Film review: The Paperboy is a trashy tale, but kinky Kidman still delivers

4.00

(15)

I don't think I actually saw anyone eat gumbo during The Paperboy, but just about every other aspect of the Southern-fried gothic melodrama is represented.

A humid atmosphere and alligator-filled swamps come as standard, but you can also tick off the murder of a sheriff, a possibly innocent man on Death Row, a slutty Southern belle with perverted longings, a newspaper investigation, a hotbed of racist good ole boys, and a young man who discovers that love can be dumb, as well as deaf and blind. This isn't to say it's a great movie, or even a good one, but it does rip along with the sort of energy and strangeness that could make it a trash classic.

And where a trash classic might lurk, Matthew McConaughey cannot be far away. He plays Ward Jansen, a Miami reporter returning to his Florida hometown with his writing partner Yardley (David Oyelowo), a black Londoner who gets some mighty odd looks from the locals. It's 1969, as remembered by the Ward family's maid and cook Anita (Macy Gray), observing the events with the beady detachment of a social outsider. But even she can't know all the secrets floating way down in this murky Southern stew.

Her favourite in the family is younger son Jack, one-time swimming champion and college dropout, now offering his services as driver to Ward. As played by Zac Efron, he spends more time in his underpants than even a dropout can be decently allowed. His will not be the only pants we get a good look at.

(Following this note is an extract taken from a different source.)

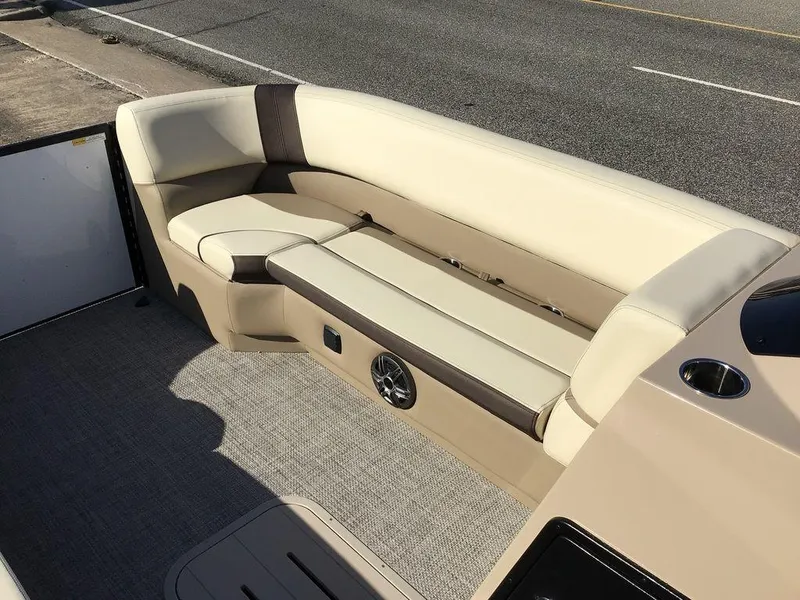Slide: The Image of 2025 G3 Select 322RF boat interior with beige seating and speaker. - 39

Jack's just lost his heart to Charlotte Bless (Nicole Kidman), but she's just crazy about Hillary Van Wetter (John Cusack), a convicted killer whose case she has asked Ward to investigate. Having got to know him only via correspondence, Charlotte is now betrothed to this lust-driven psychopath, and their first face-to-face meeting –witnessed by the paperboys – is, as they used to say back then, far out.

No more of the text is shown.